Cranberry, Orange & Pecan Muffins are a delightful fusion of tart cranberries, zesty orange, and crunchy pecans. Perfectly moist, they’re ideal for breakfast or a tasty snack.
Author:Sophie
Prep Time:15 minutes
Cook Time:20 minutes
Total Time:35 minutes
Yield:Approximately 12 muffins 1x
Category:Breakfast
Method:Baking
Cuisine:American
Ingredients
Scale
1 ½ cups all-purpose flour
¾ cup granulated sugar
2 tsp baking powder
½ tsp baking soda
½ tsp salt
⅓ cup unsalted butter, melted
2 large eggs (room temperature)
Zest of 1 orange
½ cup fresh orange juice
1 cup dried cranberries (soaked if desired)

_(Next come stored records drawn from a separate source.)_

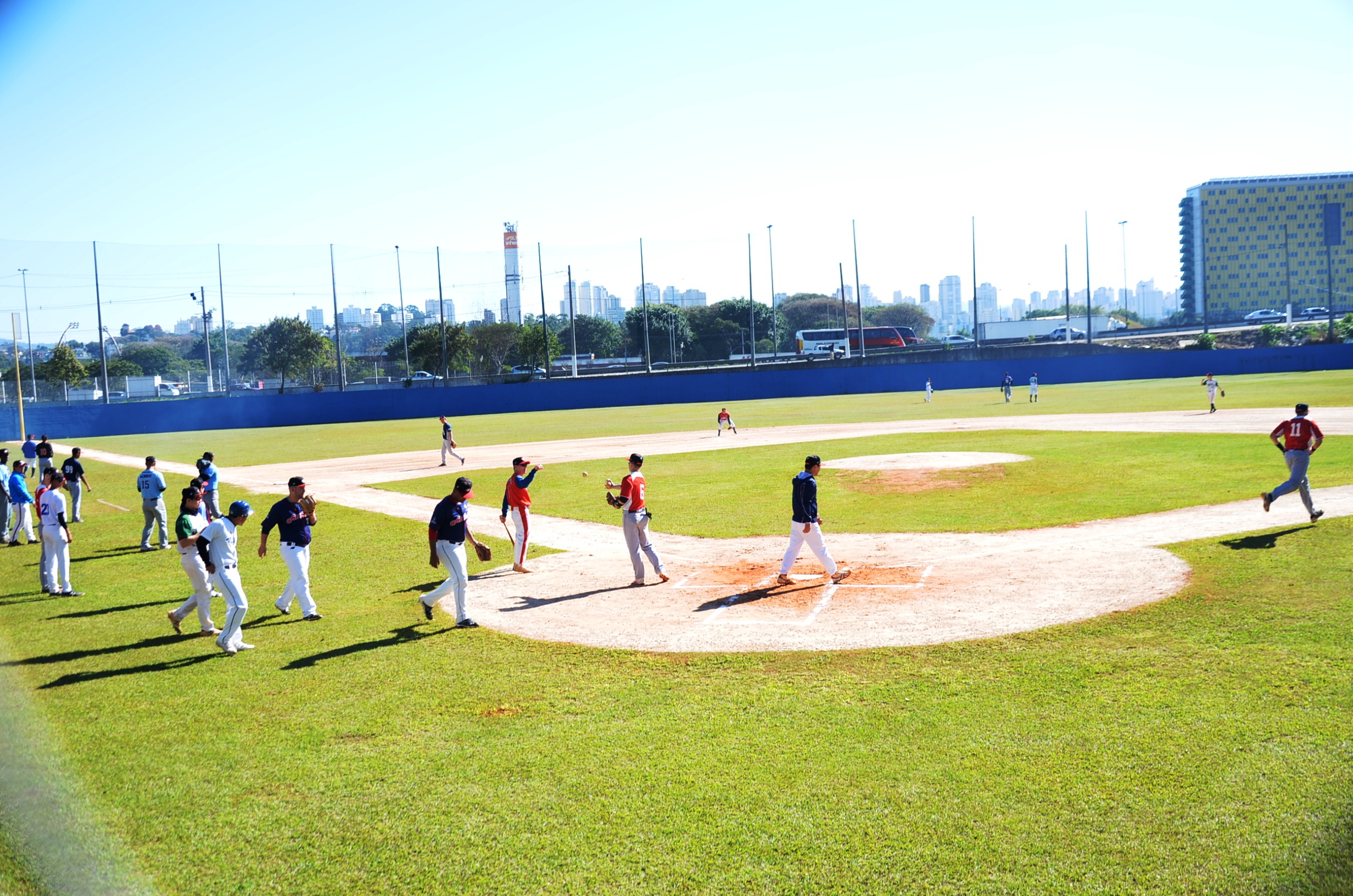 Na imagem jogadroes eu um campo de beisebol no Estádio Municipal de Beisebol Mie Nishi em um dia ensolarado.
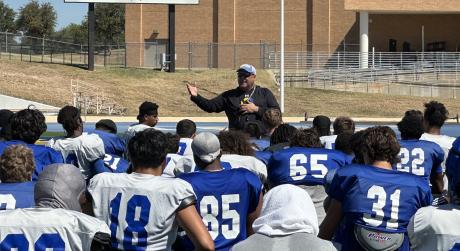 Angelo State Head Coach Jeff Girsch breaks out the Rams after practice.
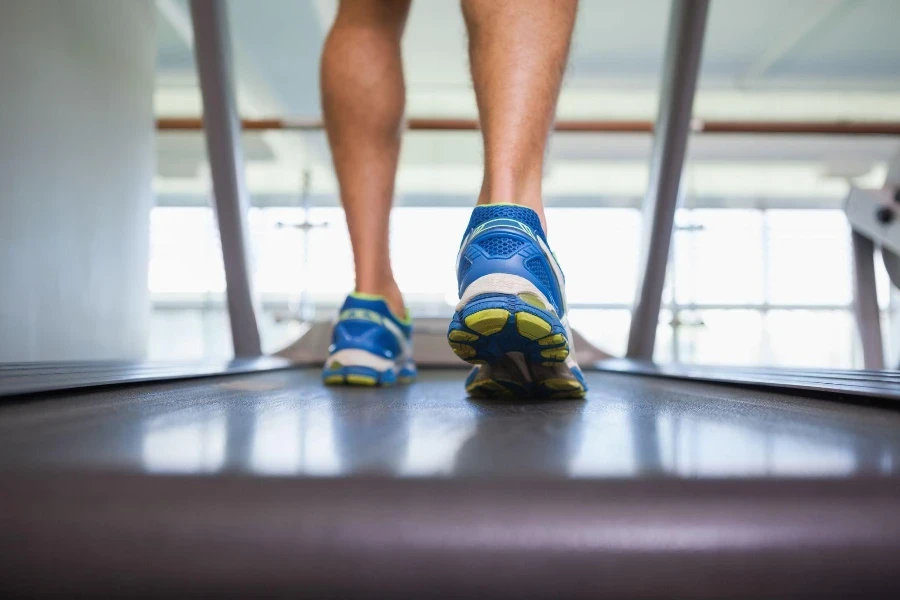 Seção baixa da vista traseira de um homem andando sobre uma plataforma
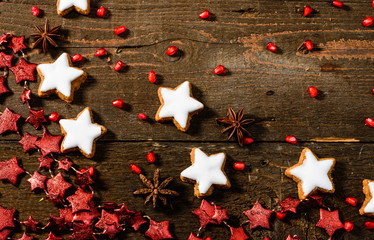 Texture on wooden background with Christmas cookies
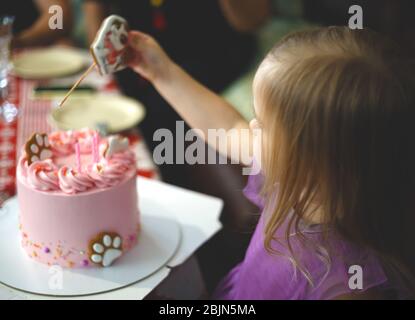 Kleines Mädchen in Lavendel Kleid bereitet sich auf die Luft blasen Kerzen auf einem Urlaub Kuchen. Stockfoto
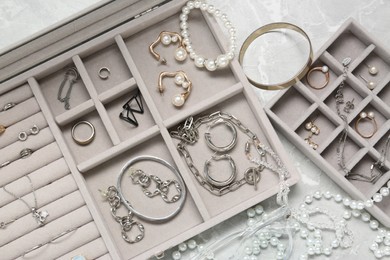 Jewelry boxes with many different accessories on light grey table, flat lay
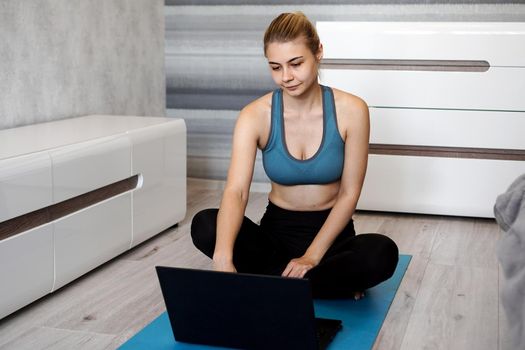 Girl training at home and watching videos on laptop before starting, training in living room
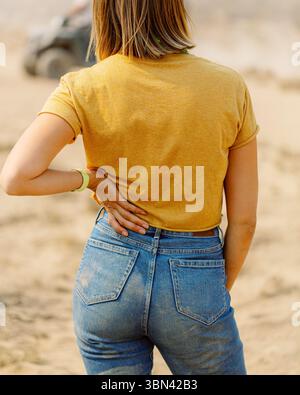 Donna che indossa jeans e t-shirt per assistere alle gare di fuoristrada Foto Stock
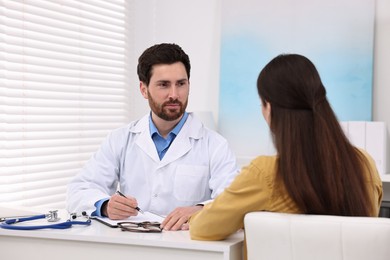 Doctor consulting patient during appointment in clinic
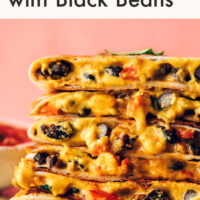 Stack of vegan quesadillas with smoky black beans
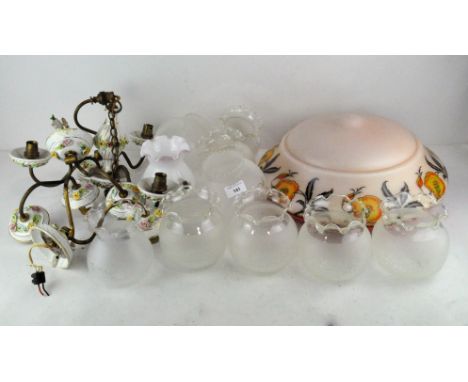 A three branch ceramic chandelier and corresponding pair of two light wall lights and a single, each encrusted with flowers; 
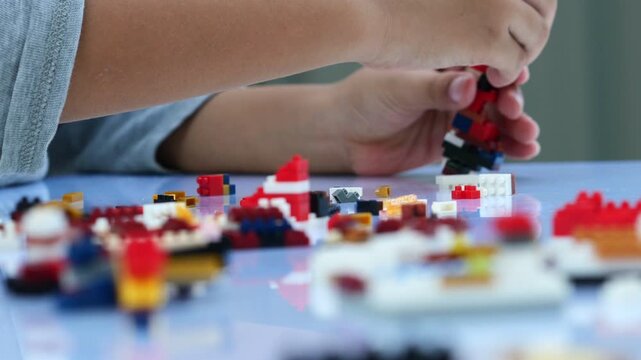 Children hands play with colorful blocks on white table.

½ cup chopped pecans (toasted)
½ cup milk
Instructions
Preheat your oven to 375°F (190°C) and grease a standard muffin tin.
In a large bowl, whisk together flour, sugar, baking powder, baking soda, and salt.
In another bowl, mix melted butter, eggs, orange zest, orange juice, and milk until smooth.
Gently fold the wet ingredients into the dry ingredients until just combined; avoid overmixing.
Fold in the cranberries and pecans.
Fill each muffin cup about two-thirds full and bake for 18-20 minutes until golden brown. A toothpick should come out clean.
Notes
For varied flavors, substitute pecans with walnuts or add chocolate chips.
Freeze muffins individually wrapped for longer storage.